Action item >> Below are records with pictures. Reproduce exactly the lines from the line with "Radar-estimated hail-size map" to the line with "Dolce & Gabbana", inclusive, and leave each picture out.

Records shown >>
__________________________________________________

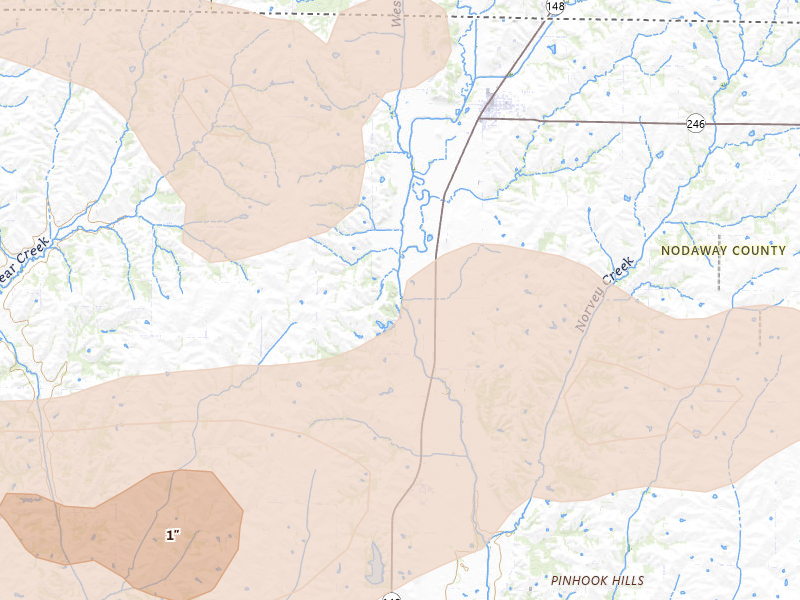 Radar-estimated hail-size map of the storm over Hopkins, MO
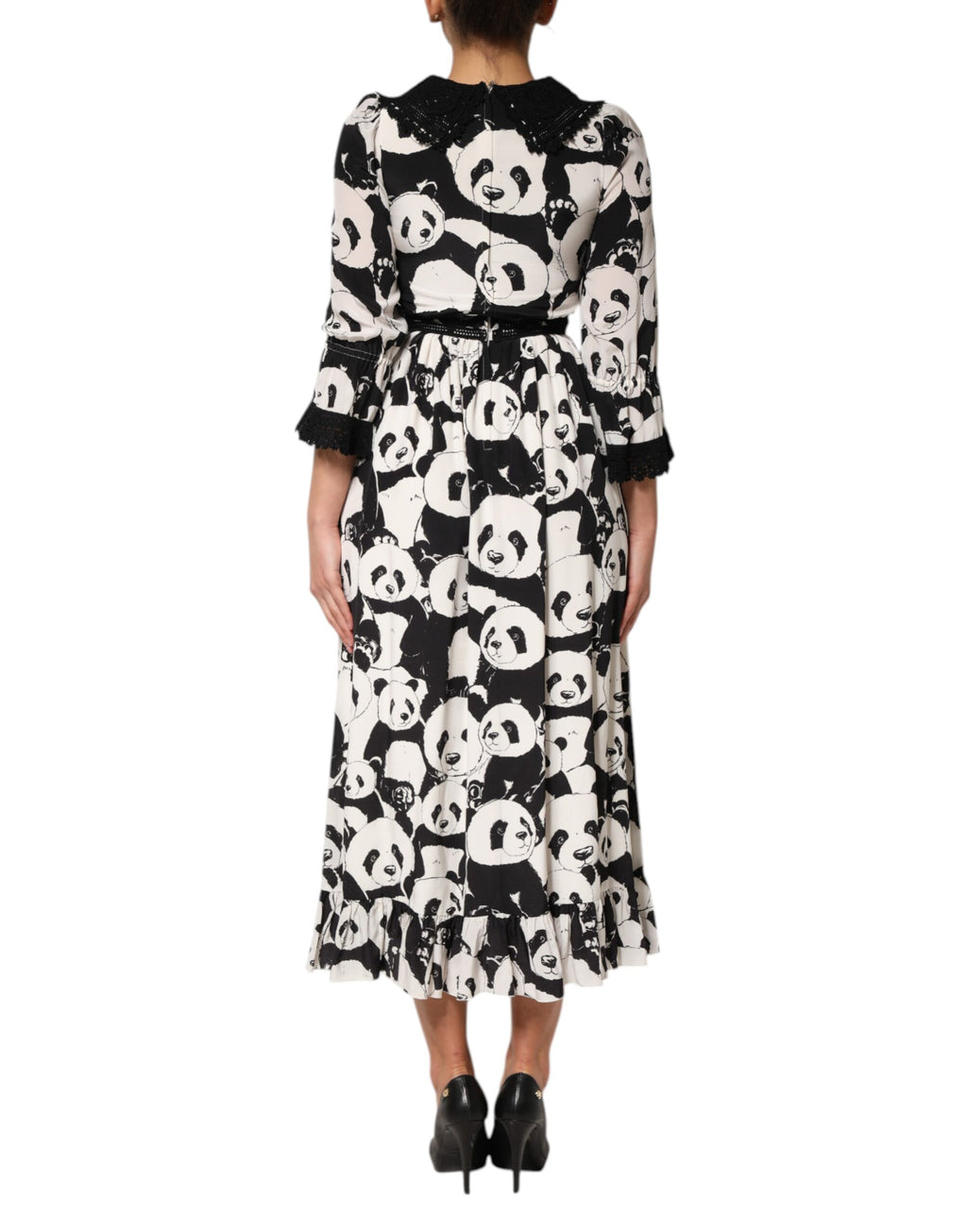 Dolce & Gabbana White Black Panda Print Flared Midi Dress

__________________________________________________

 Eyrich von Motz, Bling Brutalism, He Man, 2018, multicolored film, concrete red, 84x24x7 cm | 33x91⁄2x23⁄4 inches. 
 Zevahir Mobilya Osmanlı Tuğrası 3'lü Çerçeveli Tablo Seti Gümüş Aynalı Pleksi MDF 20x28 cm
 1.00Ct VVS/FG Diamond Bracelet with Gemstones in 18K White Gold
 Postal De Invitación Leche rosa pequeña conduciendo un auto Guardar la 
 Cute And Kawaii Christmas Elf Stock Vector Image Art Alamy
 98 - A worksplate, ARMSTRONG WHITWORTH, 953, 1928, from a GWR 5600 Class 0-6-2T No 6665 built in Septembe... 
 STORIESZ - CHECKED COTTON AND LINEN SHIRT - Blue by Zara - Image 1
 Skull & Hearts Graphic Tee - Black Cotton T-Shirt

__________________________________________________

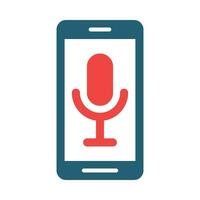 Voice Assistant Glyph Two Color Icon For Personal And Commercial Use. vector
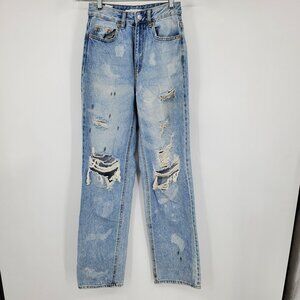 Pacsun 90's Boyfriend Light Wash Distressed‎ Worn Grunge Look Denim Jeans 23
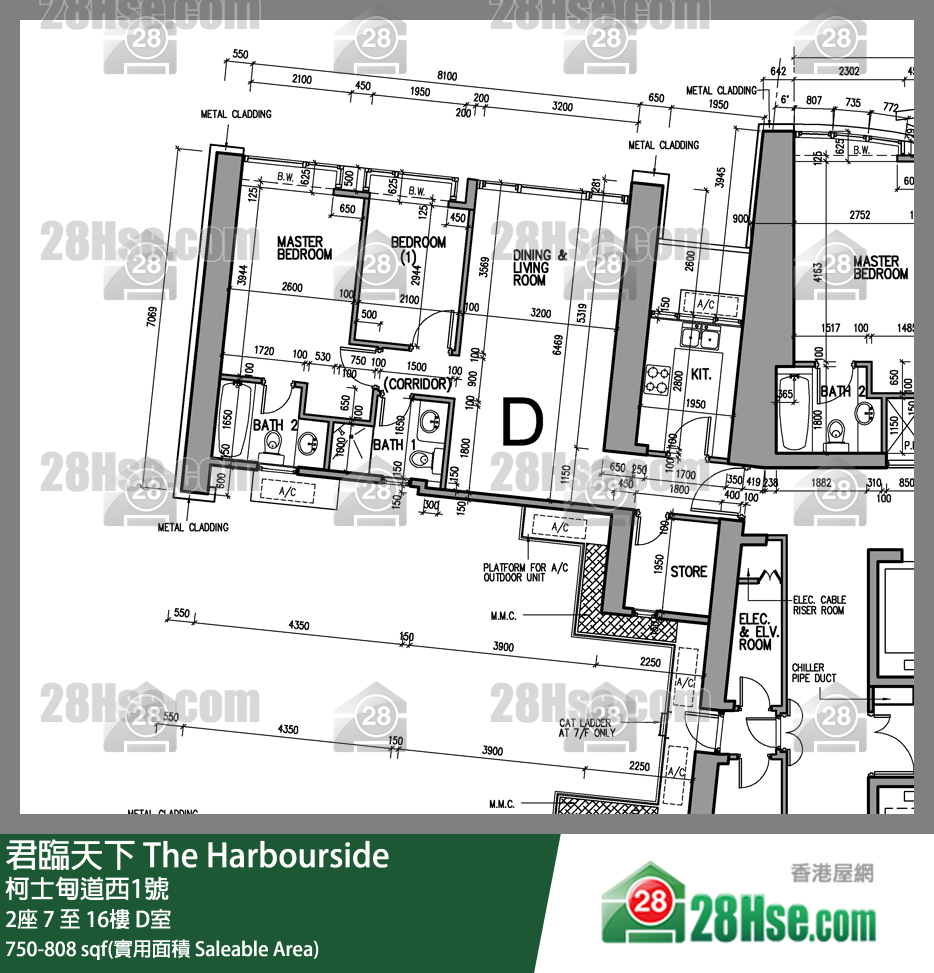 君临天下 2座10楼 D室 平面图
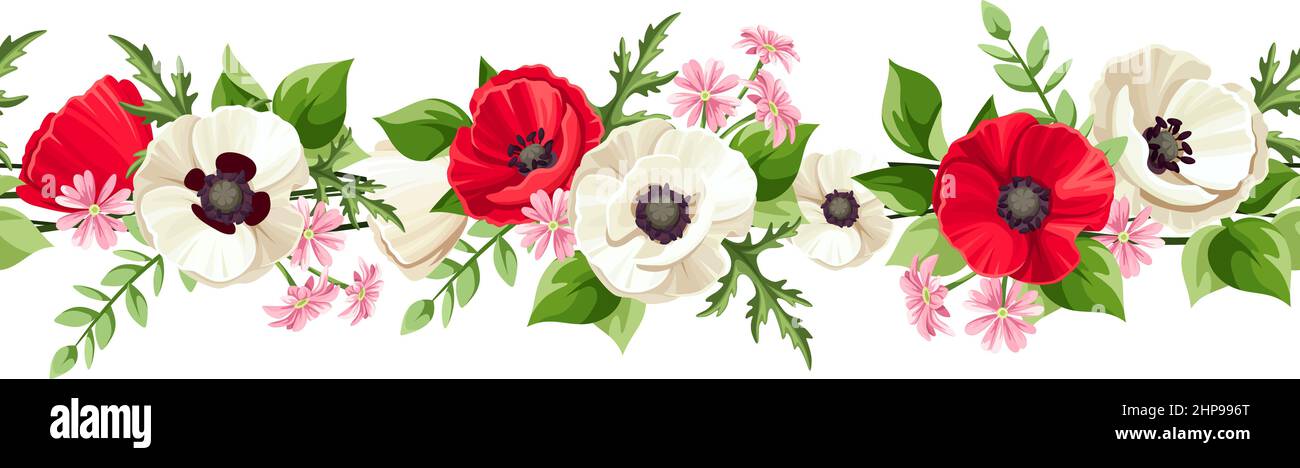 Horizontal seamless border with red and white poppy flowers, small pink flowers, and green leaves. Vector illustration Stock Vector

__________________________________________________

Problem solution >>
 Radar-estimated hail-size map of the storm over Hopkins, MO
 Dolce & Gabbana White Black Panda Print Flared Midi Dress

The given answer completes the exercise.